Nel suo ultimo film «La divina cometa», dove presepe e commedia dantesca si mescolano, c’è un uomo dei numeri, Elio De Capitani, filosofo che ci ragiona su. Per questo Mimmo Paladino, regista, pittore e scultore, è perfetto per raccontare il Napoli. Perché il suo cammino è pieno di numeri simbolici: è il terzo scudetto, a 33 anni di distanza dall’ultimo, il primo senza il 10 che arriva per merito del 9 e del 77. E poi è il creatore della più bella area di rigore italiana: l’Hortus Conclusus, a Benevento. Di un pallone in ceramica col nome dei suoi eroi calcistici; di una porta sguarnita che guarda verso l’Africa a Lampedusa; della Montagna di sale che fece prendere coscienza a Napoli delle sue potenzialità.
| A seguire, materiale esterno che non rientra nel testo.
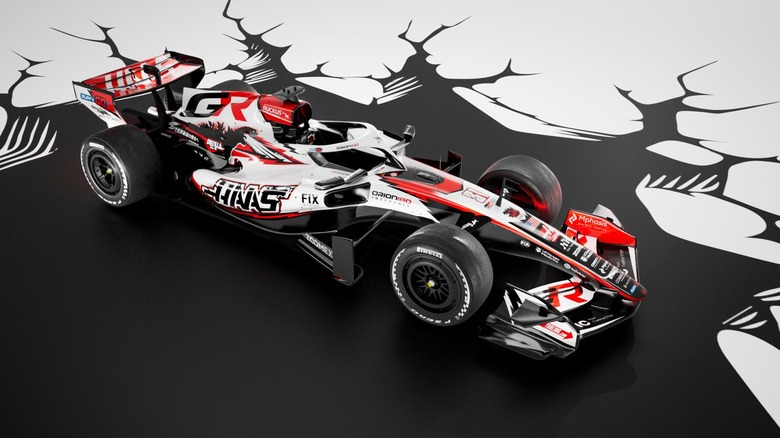 A rendering with the Haas  VF-26 with its special Godzilla-themed livery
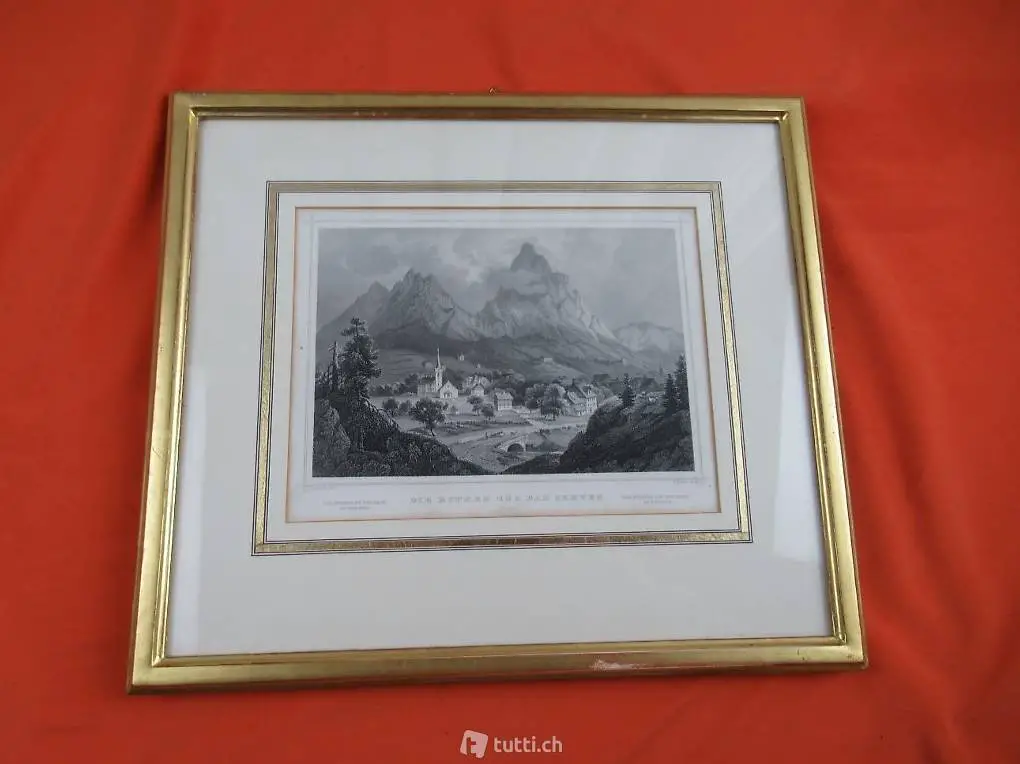  Stich Die Mythen Bad Seewen Schwyz Gold Rahmen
Che cosa vede da Milano? «Un’opera collettiva, di grande tensione. Una corale dove tutti partecipano. Mi piace lo spontaneismo dei napoletani».
Lei è un maradoniano, differenze tra ieri e oggi? «Maradona è Picasso, creativo, imprendibile, geniale. Oggi Picasso non c’è».
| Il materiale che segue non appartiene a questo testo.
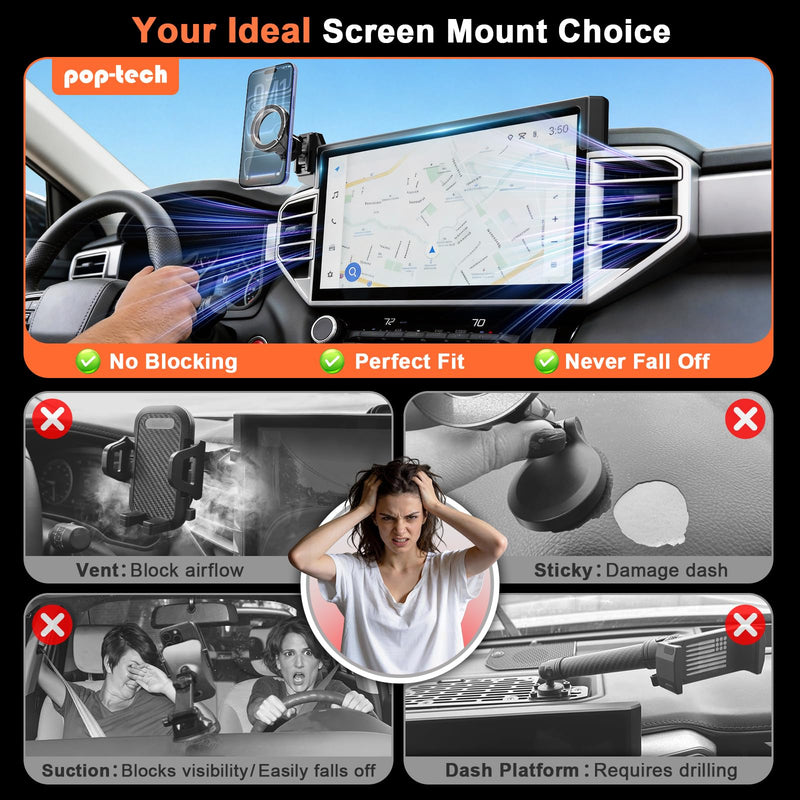 Car Phone Mount for Toyota Tundra 2022-2026 & Sequoia 2023 2024 2025 2026 | For 3rd Gen 14-Inch Screen, Magnetic Cell Holder for MagSafe iPhone Samsung, Strong Magnets, Portrait Landscape Rotation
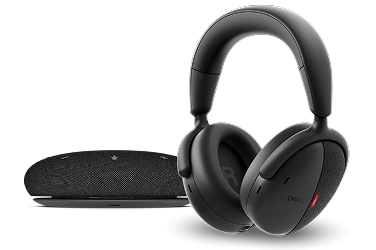 A Dell speakerphone and wireless headset.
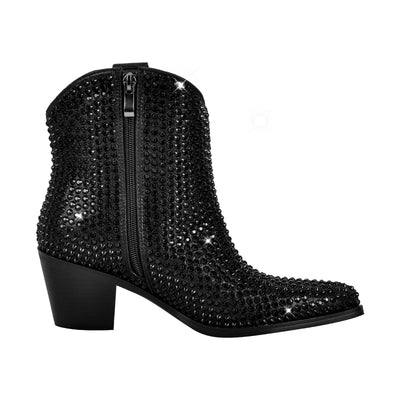Rhinestone Pointed Toe Chunky Heel Ankle Boots
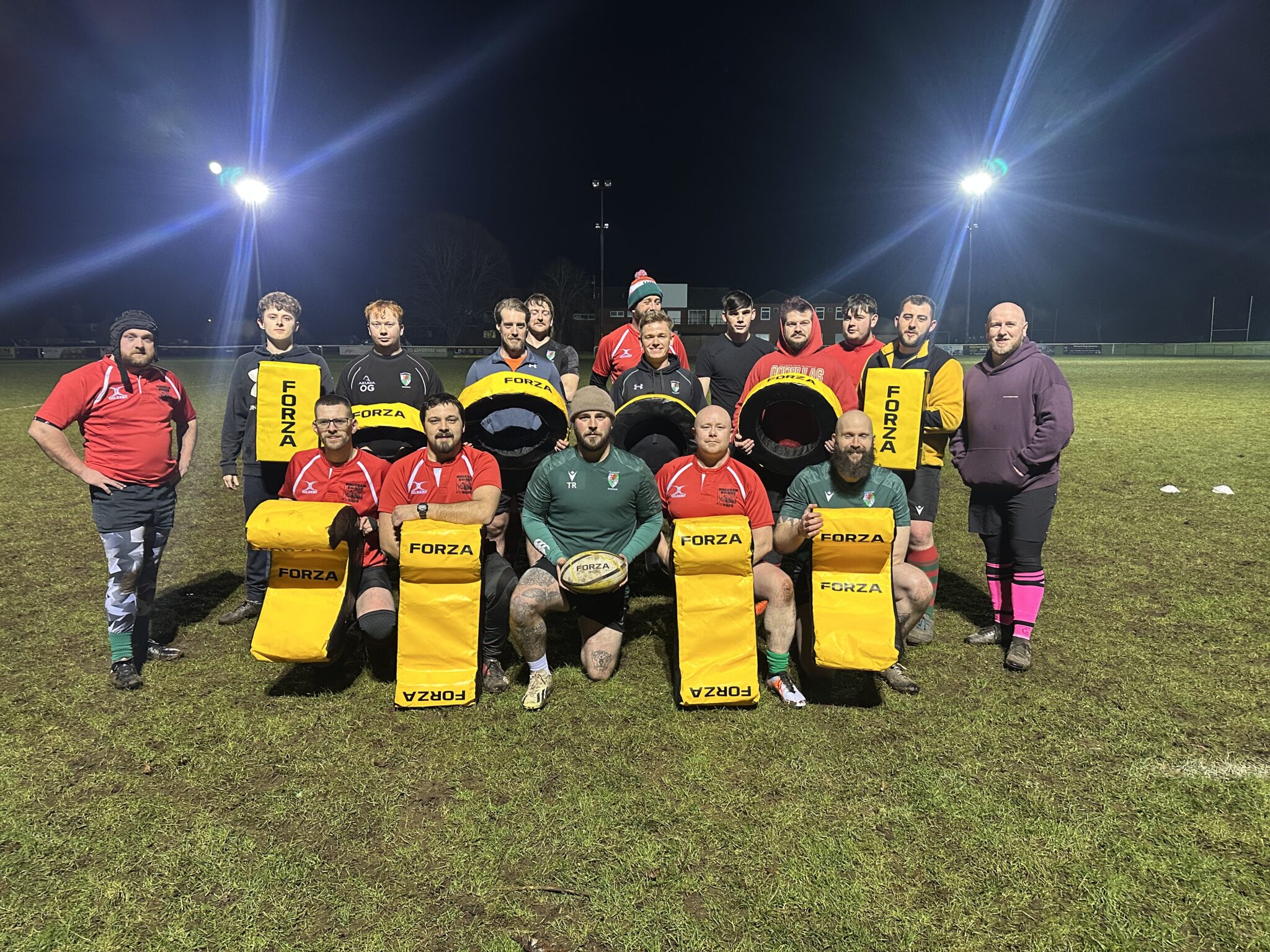 Team photo of Wrecsam Rhinos inclusive rugby club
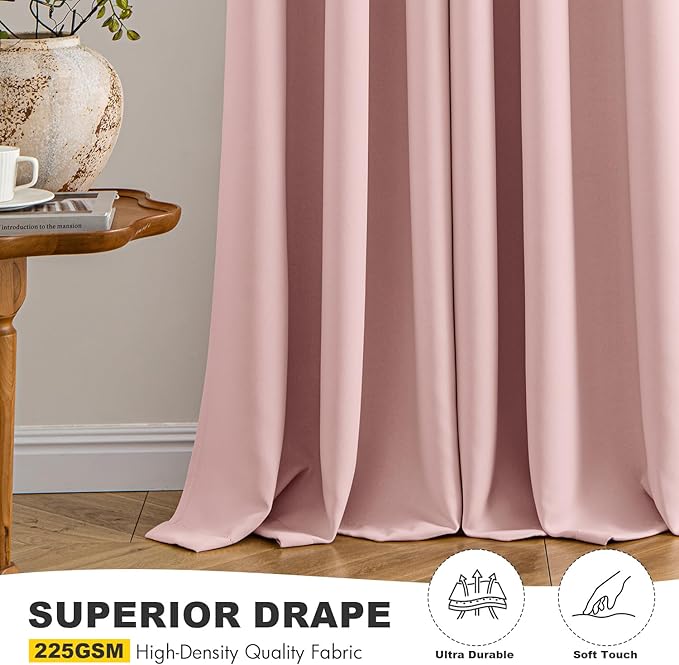 MIULEE Baby Pink Blackout Curtains for Girls Bedroom Living Room 72 Inches Long 2 Panels, Nursery Thermal Insulated Room Darkening Drapes Solid Grommet Top Noise Reducing Curtains, Blush Pink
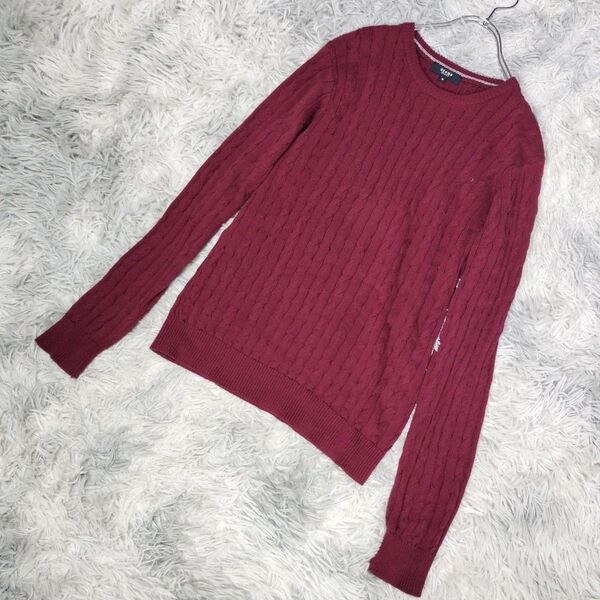 良品【BEAMS HEART】ケーブルニット(M) セーター トップス クルーネック メンズ シンプル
C’è un collettivo, che è un murales di Rivera o Siqueiros? «Più Diego Rivera, che era potente, denso di materia, come questa squadra».
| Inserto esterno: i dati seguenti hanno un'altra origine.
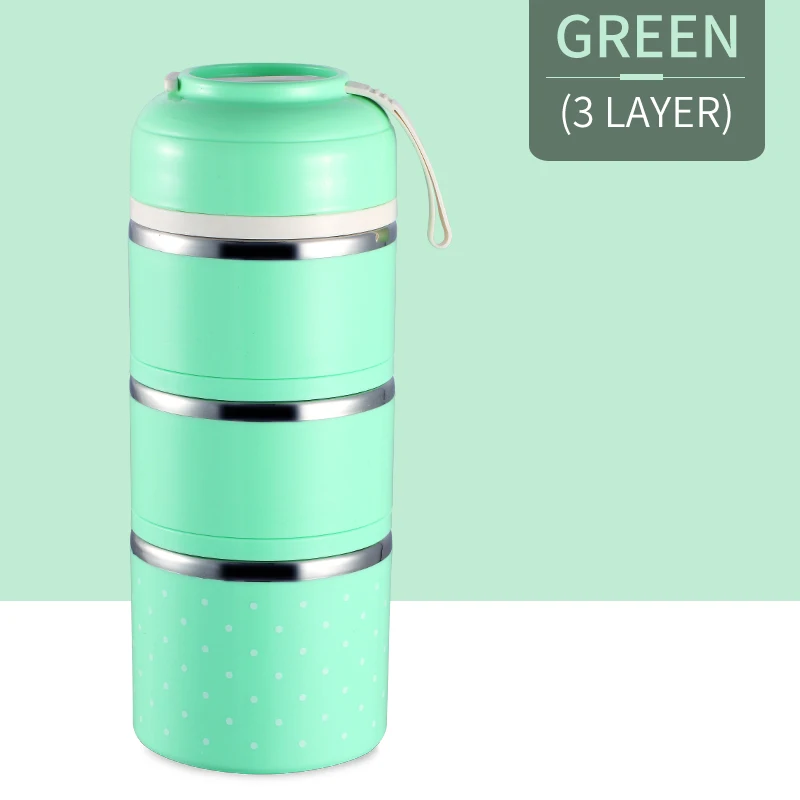 Милый японский термальный Ланч-бокс герметичный из нержавеющей стали Bento box детский портативный контейнер для еды для пикника и школы - Цвет: Green 3 Layers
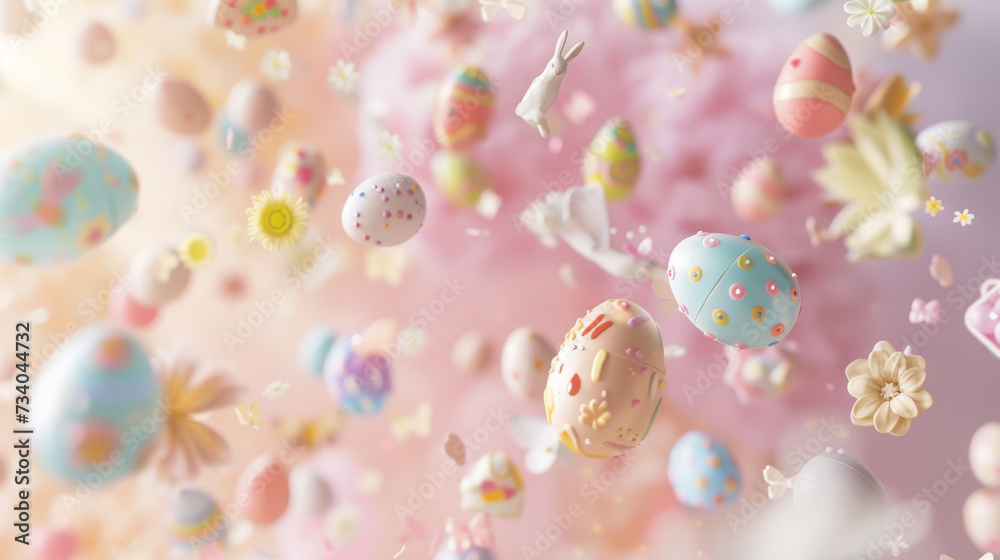 Easter Celebration with Decorated Eggs and Spring Flowers Under Blue Sky Easter Celebration with Decorated Eggs and Spring Flowers Under Blue Sky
Il NY Times ha definito Spalletti uno da avanguardia, lei è la transavanguardia… «Spalletti è Achille Bonito Oliva, l’artefice tecnico poetico. Sta esplorando dei confini, trasgredendo rispetto al passato, spiazzando il già avvenuto».
Ha giocato terzino, Di Lorenzo, è un terzino d’attacco, a che cosa le fa pensare? «Alla libertà. Ero confinato, non potevo fare oltre il mio ruolo. A me non piace il solo rigore, ma chi scombina e lui lo fa bene».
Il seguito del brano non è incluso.